Silver Refining

Silver is a soft, white in color, and shiny transition metallic chemical element with the highest electrical conductivity and highest thermal conductivity. Silver occurs naturally in its purest form, in minerals like chlorargyrite and argentite, and also as an alloy of gold and various other metals. Most silver is also produced as a by product of lead, copper, gold, and zinc refining. There are three main methods of zinc refining:-

1. Cupellation method - scrap silver and silver ore is taken through the refining process to detach it from the dross. This method entails heating the ore in a special furnace of 1,200 degrees C. Before heating it though, the ore or scrap of silver is put in a solution of 30-35% of nitric acid, which produces silver chloride (a white byproduct powder). Silver chloride is then mixed with sodium carbonate and put in a cupellation furnace to stir a chemical reaction that will make silver and table salt. Note that the process can still go on without adding sodium carbonate although the heat will release a poisonous chlorine gas.

2. Amalgamation method - this method is otherwise known as the patio Process where silver ore is ground to a powder form and then thoroughly mixed with table salt, liquid mercury, and ground roast copper. The mixture is poured on earth and tethered mules are walked over it, upon which they crush it into more little granules. The end product is finally mixed with liquid mercury, distilled and put in a cupellation furnace, which heats it until pure silver is derived.

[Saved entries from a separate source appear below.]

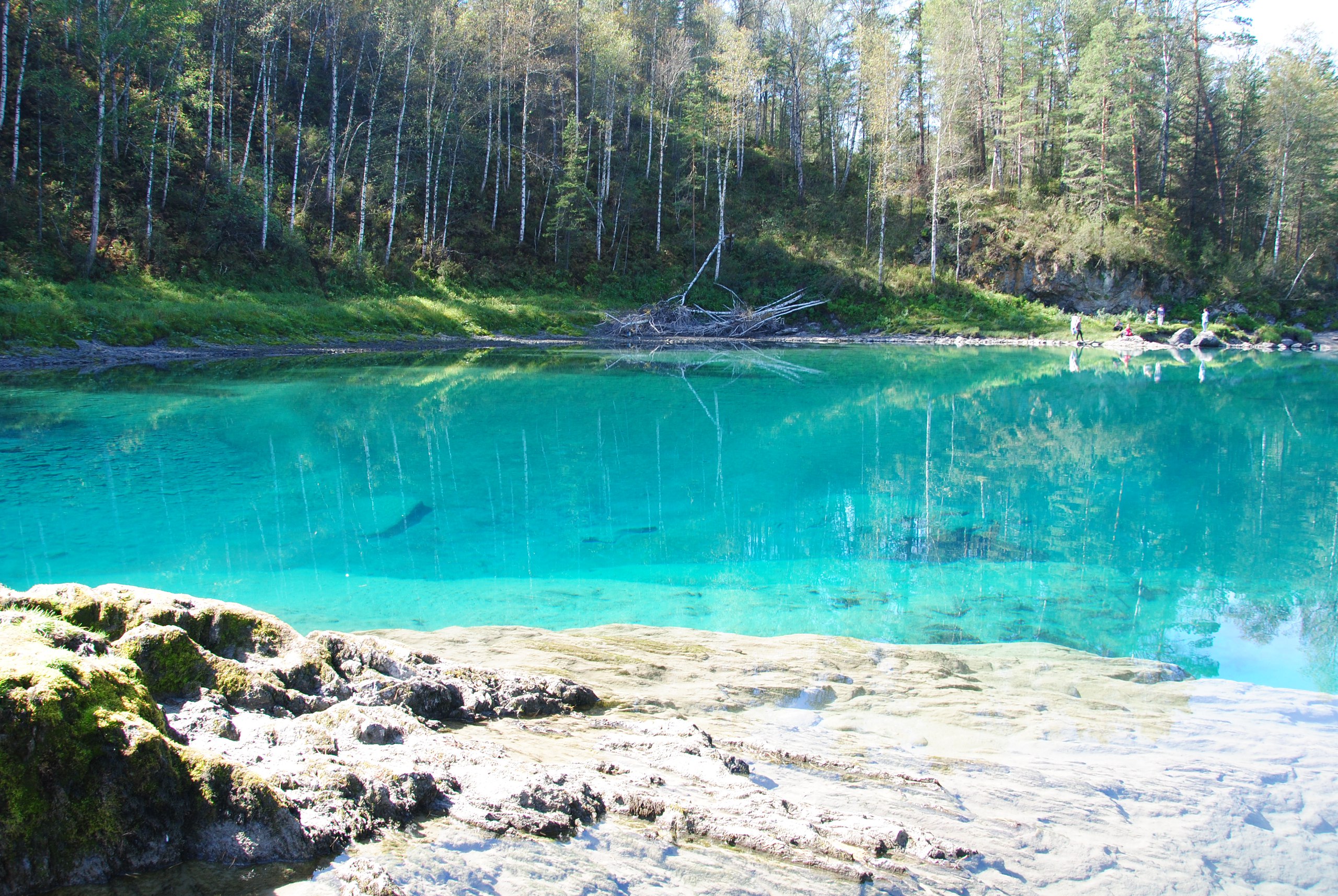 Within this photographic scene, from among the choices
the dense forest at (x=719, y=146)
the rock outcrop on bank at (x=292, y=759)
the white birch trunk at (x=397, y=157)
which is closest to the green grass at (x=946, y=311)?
the dense forest at (x=719, y=146)

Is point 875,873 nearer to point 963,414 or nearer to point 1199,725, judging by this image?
point 1199,725

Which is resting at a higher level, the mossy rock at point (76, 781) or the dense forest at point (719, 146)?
the dense forest at point (719, 146)

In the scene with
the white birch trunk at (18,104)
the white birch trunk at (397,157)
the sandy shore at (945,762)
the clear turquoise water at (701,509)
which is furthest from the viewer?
the white birch trunk at (397,157)

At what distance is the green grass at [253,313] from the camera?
24250 mm

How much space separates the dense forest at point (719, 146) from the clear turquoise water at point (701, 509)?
1599 cm

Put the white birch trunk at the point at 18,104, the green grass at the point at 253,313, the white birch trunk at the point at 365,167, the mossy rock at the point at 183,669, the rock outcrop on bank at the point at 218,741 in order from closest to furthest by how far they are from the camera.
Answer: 1. the rock outcrop on bank at the point at 218,741
2. the mossy rock at the point at 183,669
3. the green grass at the point at 253,313
4. the white birch trunk at the point at 18,104
5. the white birch trunk at the point at 365,167

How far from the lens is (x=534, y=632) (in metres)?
7.13

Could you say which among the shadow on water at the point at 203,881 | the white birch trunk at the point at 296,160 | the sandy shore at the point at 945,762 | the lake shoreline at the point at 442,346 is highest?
the white birch trunk at the point at 296,160

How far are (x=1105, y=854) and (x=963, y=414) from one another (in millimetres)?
18259

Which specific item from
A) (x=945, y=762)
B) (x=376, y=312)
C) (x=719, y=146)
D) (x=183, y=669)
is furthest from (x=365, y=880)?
(x=719, y=146)

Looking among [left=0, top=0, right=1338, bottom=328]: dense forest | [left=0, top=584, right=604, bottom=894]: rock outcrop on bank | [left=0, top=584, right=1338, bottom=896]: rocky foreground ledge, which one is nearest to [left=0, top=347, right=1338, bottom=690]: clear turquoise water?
[left=0, top=584, right=1338, bottom=896]: rocky foreground ledge

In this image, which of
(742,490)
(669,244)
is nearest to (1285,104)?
(669,244)

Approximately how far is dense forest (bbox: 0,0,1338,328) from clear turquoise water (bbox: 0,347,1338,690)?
15994mm

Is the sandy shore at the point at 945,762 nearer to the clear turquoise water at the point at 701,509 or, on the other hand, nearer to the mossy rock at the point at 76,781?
the mossy rock at the point at 76,781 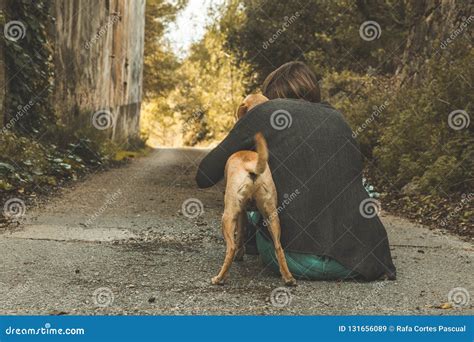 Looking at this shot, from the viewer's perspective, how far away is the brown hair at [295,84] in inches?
184

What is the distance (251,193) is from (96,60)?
10743 mm

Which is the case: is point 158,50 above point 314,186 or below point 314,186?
above

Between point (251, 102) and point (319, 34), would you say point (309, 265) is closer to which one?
point (251, 102)

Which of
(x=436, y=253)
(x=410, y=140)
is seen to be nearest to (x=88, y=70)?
(x=410, y=140)

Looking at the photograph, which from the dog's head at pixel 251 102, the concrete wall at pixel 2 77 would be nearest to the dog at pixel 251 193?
the dog's head at pixel 251 102

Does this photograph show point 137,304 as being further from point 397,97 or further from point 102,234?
point 397,97

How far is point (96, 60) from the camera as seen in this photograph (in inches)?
553

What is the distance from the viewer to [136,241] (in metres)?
6.05

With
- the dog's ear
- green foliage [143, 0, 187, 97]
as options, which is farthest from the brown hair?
green foliage [143, 0, 187, 97]

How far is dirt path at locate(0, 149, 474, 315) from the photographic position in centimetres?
389

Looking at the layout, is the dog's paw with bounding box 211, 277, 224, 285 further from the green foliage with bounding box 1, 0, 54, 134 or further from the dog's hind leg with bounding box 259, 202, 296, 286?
the green foliage with bounding box 1, 0, 54, 134

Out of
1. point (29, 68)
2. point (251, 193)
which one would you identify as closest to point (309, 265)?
point (251, 193)

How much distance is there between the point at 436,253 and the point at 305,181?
2.00 metres

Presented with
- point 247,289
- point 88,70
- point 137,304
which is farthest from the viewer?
point 88,70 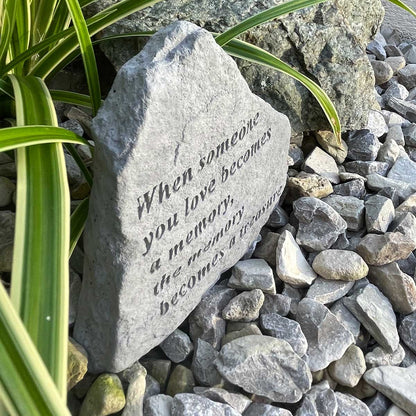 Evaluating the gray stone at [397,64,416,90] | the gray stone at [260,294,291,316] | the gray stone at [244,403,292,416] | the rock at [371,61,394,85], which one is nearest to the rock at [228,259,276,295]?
the gray stone at [260,294,291,316]

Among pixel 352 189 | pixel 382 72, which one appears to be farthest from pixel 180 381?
pixel 382 72

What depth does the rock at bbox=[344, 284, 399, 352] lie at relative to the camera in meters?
1.05

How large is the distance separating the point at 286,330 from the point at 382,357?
182mm

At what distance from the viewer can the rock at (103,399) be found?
84 centimetres

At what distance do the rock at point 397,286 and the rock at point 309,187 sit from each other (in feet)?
0.73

This method is however old-fashioned and new technology refining methods have come up.

3. Electro-refining method - this entails passing an electric current over sulfated copper slime instead of heating it in a furnace of 1,200 degrees. The hydro-metallurgical process ensures silver nitrate dissolves without any need of external heat as the process is able to regulate the concentration of sulfate ions where the silver is put. Advancement of technology has made the electro-refining silver process very possible.

Silver is a treasured precious metal that makes the ornaments you use today, utensils, jewelry, currency coins, and high-valuable tableware. Silver is also used as a catalyst in most chemical reactions, in mirrors, and as electrical conductors and contacts. The compounds of silver on the other hand find their way as microbiocides, disinfectants, and in photographic film. Important to note is that the silver refining process is the same as gold refining process.